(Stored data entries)

━━━━━━━━━━

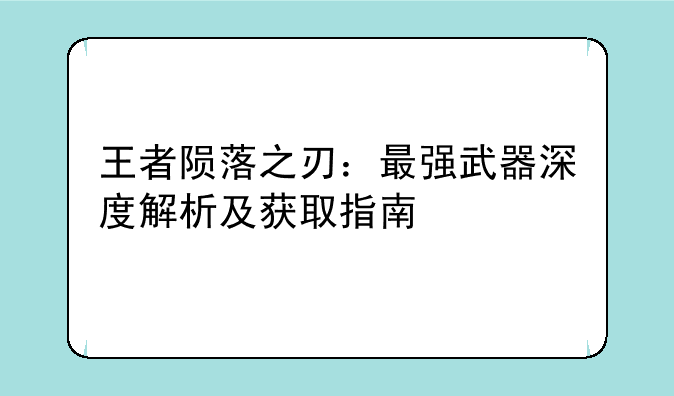 王者陨落之刃：最强武器深度解析及获取指南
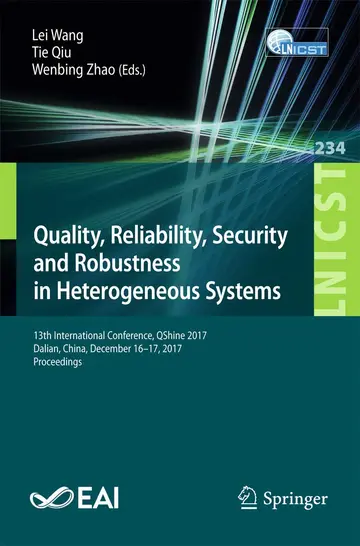 Cover of Quality, Reliability, Security and Robustness in Heterogeneous Systems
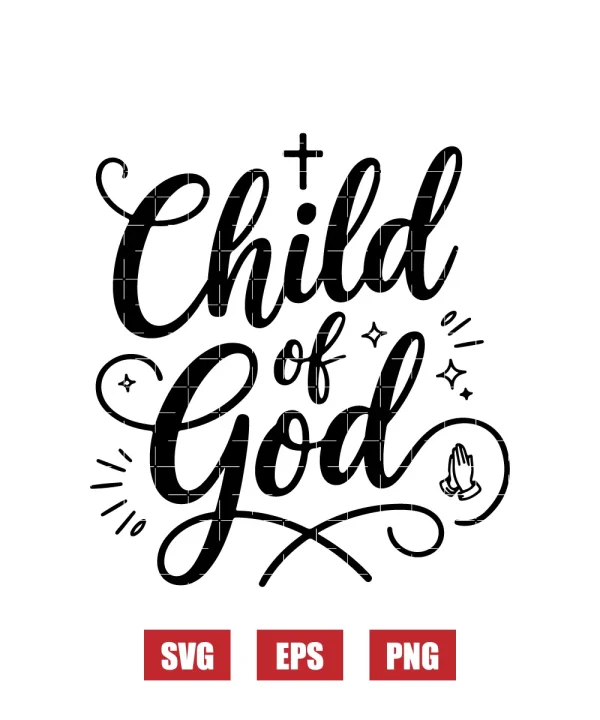 Child of God Svg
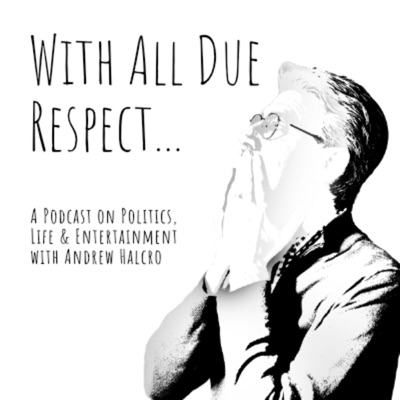With All Due Respect.... With All Due Respect....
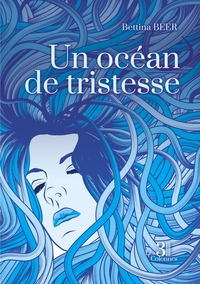 UN OCEAN DE TRISTESSE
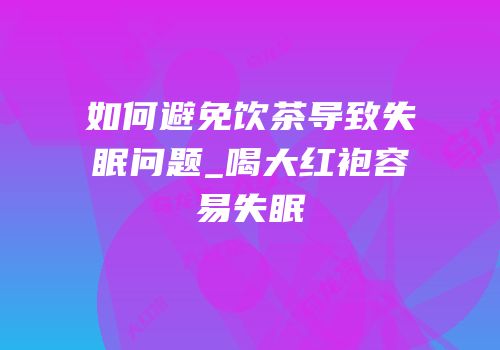 如何避免饮茶导致失眠问题_喝大红袍容易失眠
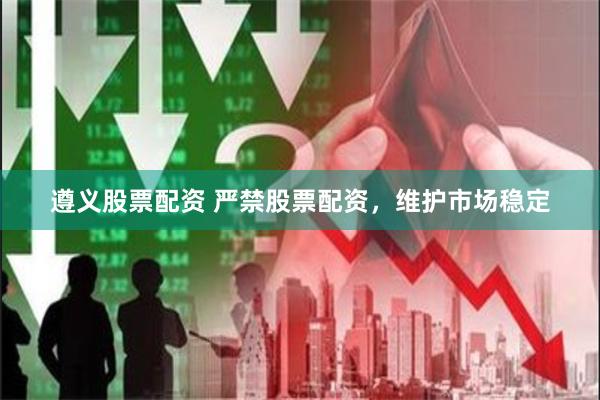 遵义股票配资 严禁股票配资，维护市场稳定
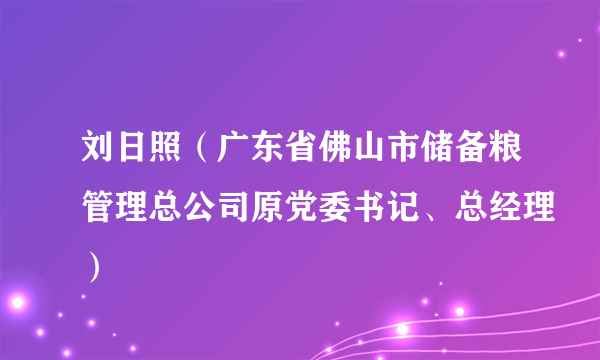 什么是刘日照（广东省佛山市储备粮管理总公司原党委书记、总经理）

━━━━━━━━━━

_What needs to be done_
Please return the entries above exactly as they appear, but without the pictures.

_Your response_
 王者陨落之刃：最强武器深度解析及获取指南
 Cover of Quality, Reliability, Security and Robustness in Heterogeneous Systems
 Child of God Svg
With All Due Respect.... With All Due Respect....
 UN OCEAN DE TRISTESSE
 如何避免饮茶导致失眠问题_喝大红袍容易失眠
 遵义股票配资 严禁股票配资，维护市场稳定
 什么是刘日照（广东省佛山市储备粮管理总公司原党委书记、总经理）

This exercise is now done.